Surge in Auto Stocks Amid Market Jitters: A Closer Look
The Indian stock market opened flat amid concerns over rising H-1B visa costs affecting the IT sector. While analysts foresee supportive factors such as GST reforms and a normal monsoon boosting consumption, the auto sector emerged as a significant gainer, driven by robust customer demand and improved sentiment.

- Country:
- India
The Indian stock market experienced a mixed opening on Tuesday, with significant focus on the ongoing volatility. Both benchmark indices began the day on a flat note, grappling with the impact of increased H-1B visa costs on the technology sector. The Nifty 50 index started at 25,209 points, a slight increase of 6.65 points or 0.03 percent, while the BSE Sensex slipped marginally by 12.60 points or 0.02 percent to open at 82,147.37.
Despite the present volatility, market analysts anticipate that initiatives such as GST rationalization, favorable weather conditions, and incentives will support consumption. Moreover, foreign investors, having been net sellers recently, are showing signs of returning, propelled by expectations of earnings upgrades later in the fiscal year. Analysts believe that consumption-oriented sectors may draw more attention, lending crucial support in the short term.

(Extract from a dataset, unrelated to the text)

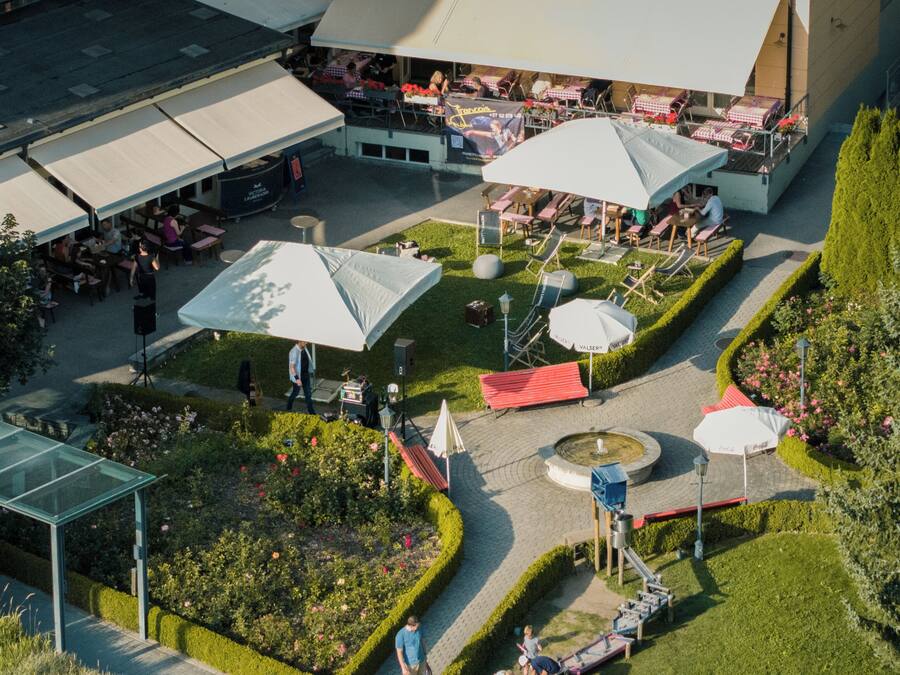 An outdoor dining area with tables and umbrellas, surrounded by a garden with hedges and flowers.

In sectoral performance, the Nifty Auto index stood out as the top performer, witnessing a 1.72 percent rise. Maruti Suzuki shares saw a robust 2.65 percent increase, with Ashok Leyland and Tata Motors also enjoying gains. Maruti Suzuki's strong customer response, highlighted by high inquiries and vehicle deliveries, showcased the sector's vigour. Hyundai's record dealer billings further fueled positive sentiment, attributed partly to GST 2.0 reforms. Meanwhile, the Nifty IT index held steady with a minor 0.04 percent uptick, and the FMCG index faced a 0.36 percent decline amid general sectoral pressures.